• [PROBLEM DESCRIPTION]: Lift out, unaltered, the lines of the material below between the line holding "WeYoung 2025 b&ugrave;ng" and the line holding "New Twist Round", counting both.

• [EXERCISE MATERIALS]:
++++++++++++++++++++
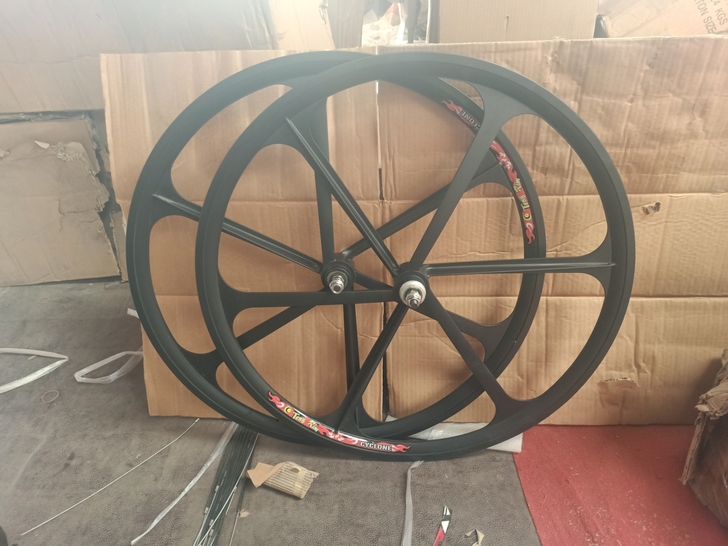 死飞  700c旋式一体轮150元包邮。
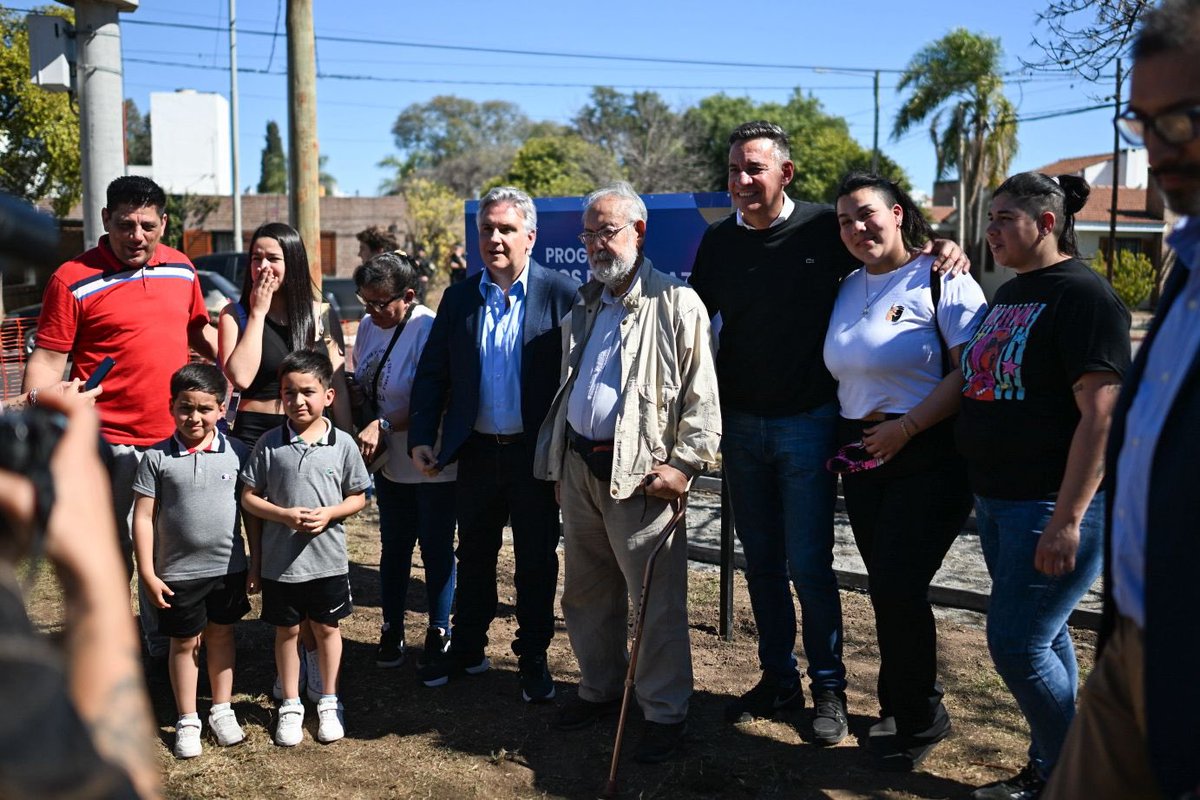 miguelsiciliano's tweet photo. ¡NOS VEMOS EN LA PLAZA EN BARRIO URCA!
++++++++++++++++++++
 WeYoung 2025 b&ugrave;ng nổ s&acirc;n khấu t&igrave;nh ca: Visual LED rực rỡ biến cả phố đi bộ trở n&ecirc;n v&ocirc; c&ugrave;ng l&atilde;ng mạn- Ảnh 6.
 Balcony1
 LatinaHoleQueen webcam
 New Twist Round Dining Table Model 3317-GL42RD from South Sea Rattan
++++++++++++++++++++
• [TASK SOLUTION]:
 WeYoung 2025 b&ugrave;ng nổ s&acirc;n khấu t&igrave;nh ca: Visual LED rực rỡ biến cả phố đi bộ trở n&ecirc;n v&ocirc; c&ugrave;ng l&atilde;ng mạn- Ảnh 6.
 Balcony1
 LatinaHoleQueen webcam
 New Twist Round Dining Table Model 3317-GL42RD from South Sea Rattan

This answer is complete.